One thing I do want to note is that although he did play well beside someone like Nylander, it’s hard to believe he begins the season within the top-six. There’s always the possibility, especially if Robertson isn’t a fit, but I cannot see another right-shot playing on Toronto’s left wing.
That is, unless you’re named Zach Hyman.
It’s more than likely that if all else fails, Keefe tries Calle Jarnkrok within Toronto’s top six. He had a strong debut in the blue and white, scoring two goals in the second game of the doubleheader. Keefe also said earlier this week that Jarnkrok could be a fit there.
Another player who had a strong first impression was Steeves. He played in the first game and was able to pot two goals — one on a nice tip from a Mark Giordano shot and one in the empty net. The 22-year-old showed a lot of poise and confidence with and without the puck against Ottawa on Saturday.
If Steeves keeps up this play throughout the preseason, he could find himself with a job on the Maple Leafs sooner rather than later.
Two players I was most interested to see play were Aston-Reese and Gaudette, and they didn’t disappoint. Aston-Reese was his usual self — throwing hits (he had four in the game) and being a physical threat on the ice.
He didn’t bring much in the offensive zone, but with more time in the Maple Leafs’ organization, Aston-Reese could find his touch.
Gaudette, playing alongside Mitch Marner and John Tavares did look very good as well. He brought a lot of speed and bite to that line.

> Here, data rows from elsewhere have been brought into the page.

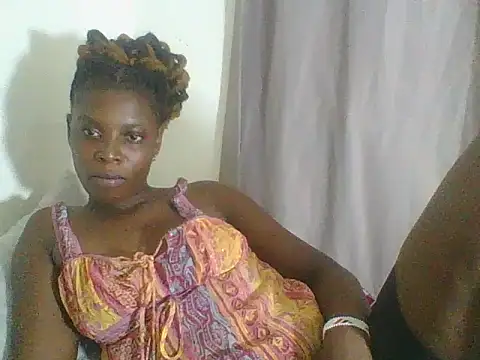 Blacksweetbeb online show from 02.04.25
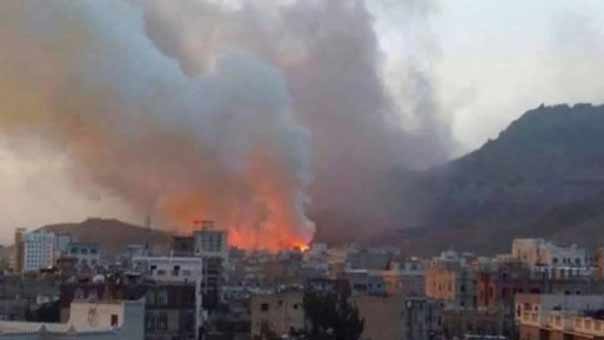 العدو &rsquo;الإسرائيلي&rsquo; يُساند السعودية في حربها على اليمن: تل أبيب هي من قصفت جبل نقم بقنبلة نيوترونية    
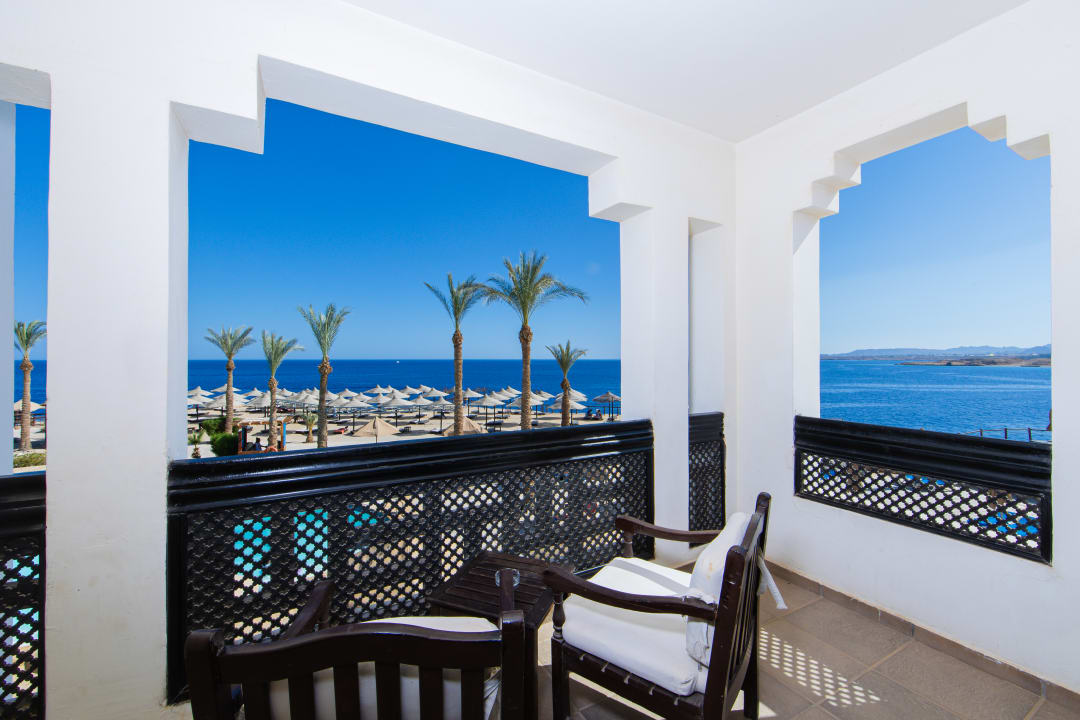 Ausblick Sharm Plaza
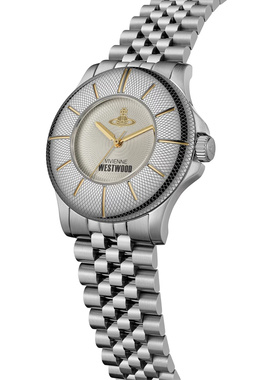 VIVIENNE WESTWOOD 女士手链手镯 VV309CGSLSILVER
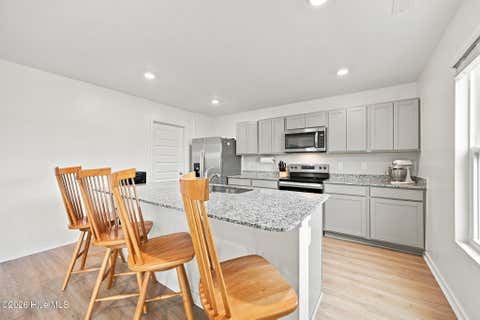 Tiny photo for 412 Driftwood Drive #Lot 5, Richlands, NC 28574 (MLS # 100597656)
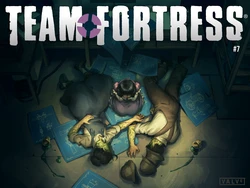 Team Fortress comics (Conclusion)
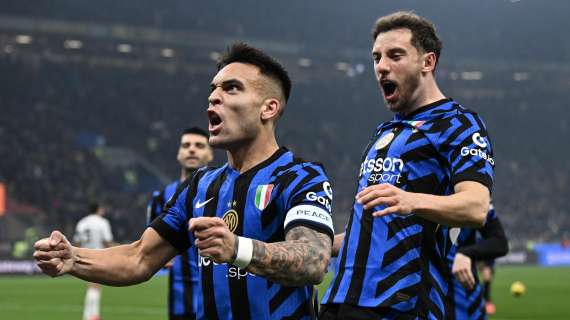 La pazienza è la virtù dei forti: l'Inter doma l'Empoli con un secco 3-1. E il Napoli torna a portata di aggancio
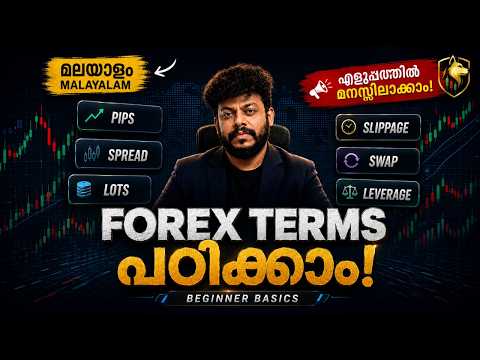 Forex trading terms explained in เดฎเดฒเดฏเดพเดณเด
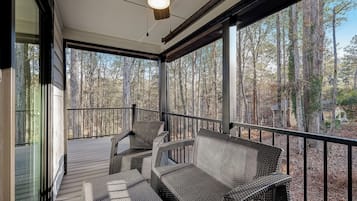 Terrasse/gårdhave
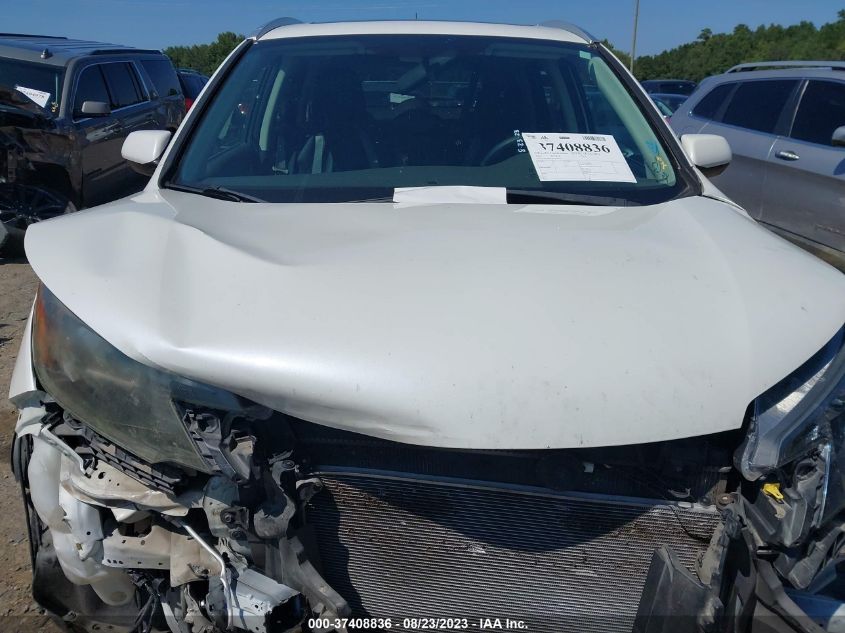 2013 HONDA CR-V EX-L - 5J6RM4H71D1087555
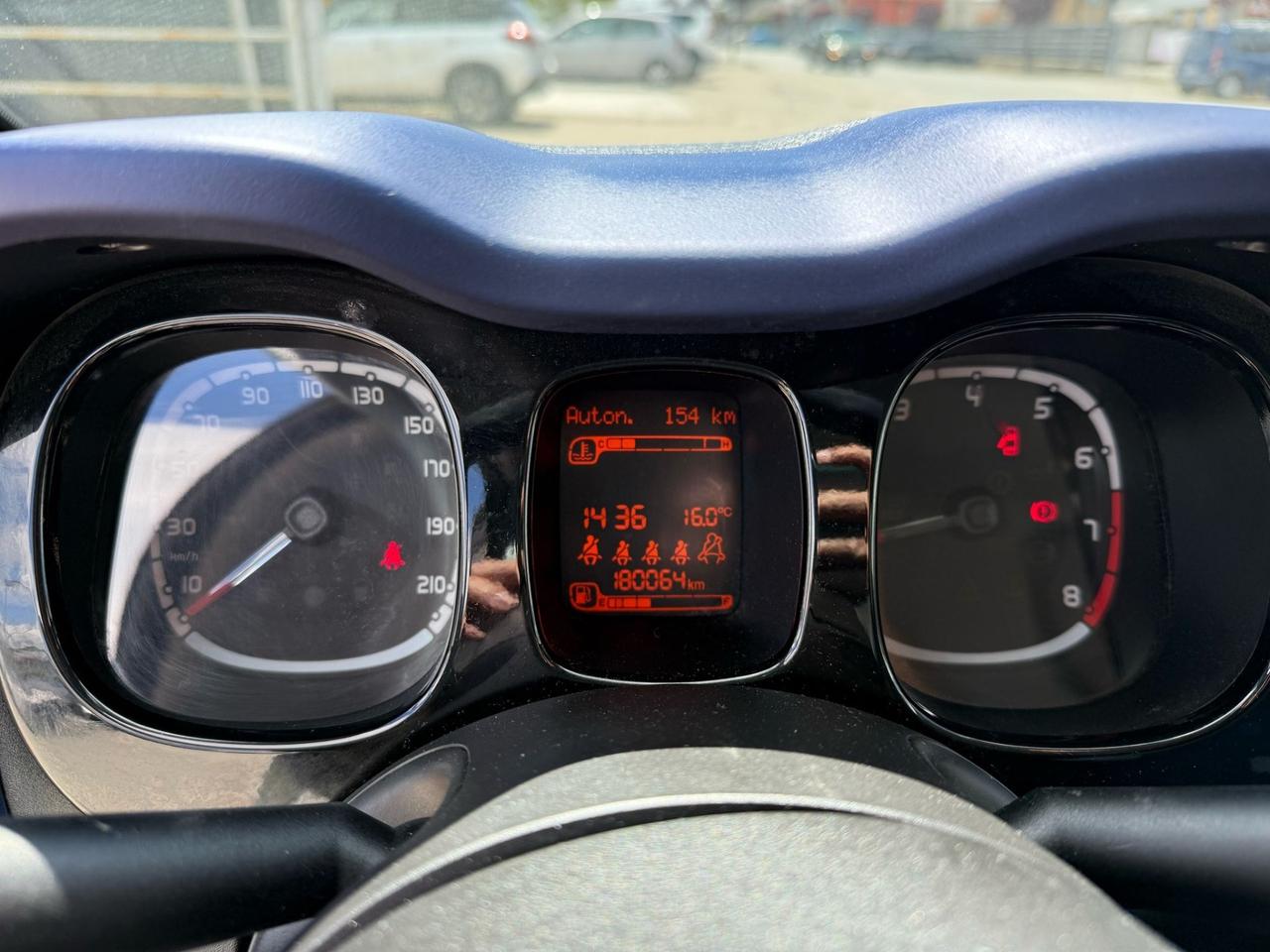 Fiat Panda 1.2 UNICO PROPRIETARIO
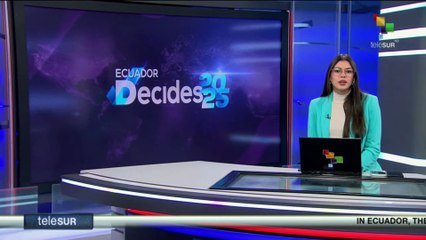 Ecuador | Analysis of the premilinary results of runoff elections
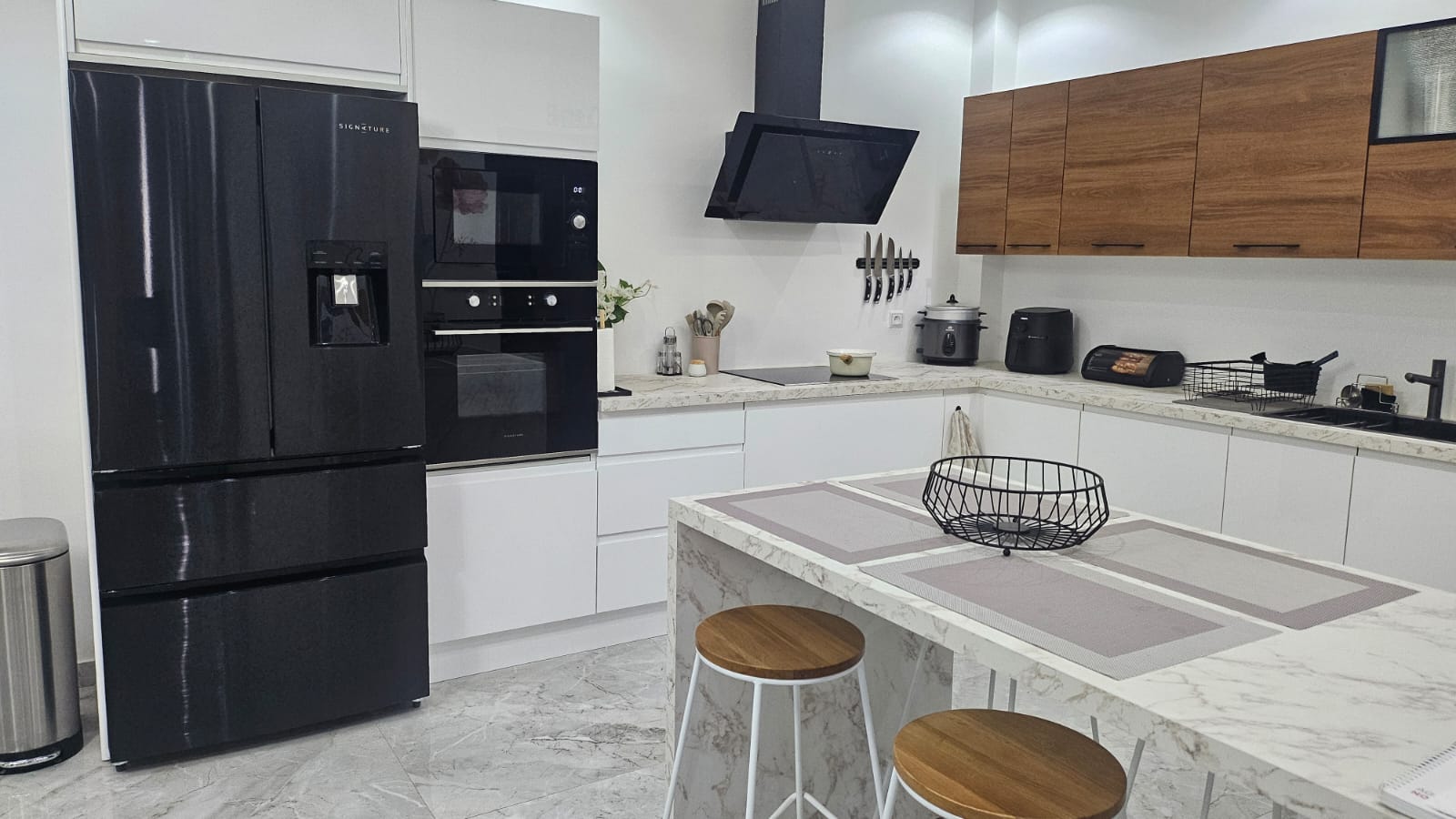 Villa 3 ch meublée à louer – Ngaparou, Petite Côte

The trio did get a fair number of scoring chances but weren’t able to pot any into the back of the net.
What’s interesting is that Gaudette played on the first power play unit. He did play with Tavares and Marner, so it may have been a given. But it’s interesting that it was Gaudette over someone like Malgin.
Maybe there’s something there, maybe there isn’t.
The most surprising development throughout the evening was the fact that Robertson wasn’t on Toronto’s power play very much. The Maple Leafs had four opportunities with the extra man and Robertson only had 1:08 of power play time.
It could’ve been because his play wasn’t the best in the game, or maybe it’s because they’re trying him in different spots. Either way, it’s a fascinating development and will be interesting to see what happens with the 21-year-old throughout the next few weeks.
This, though, was only games one and two. You can create a lot of narratives after the first few games, but those can easily change if a certain player has a very good game.
But what I’m trying to say is; let’s give these players a few more games. Although it may be fun to figure out who might be in Toronto’s opening night roster, there’s still five more preseason games left to decide that.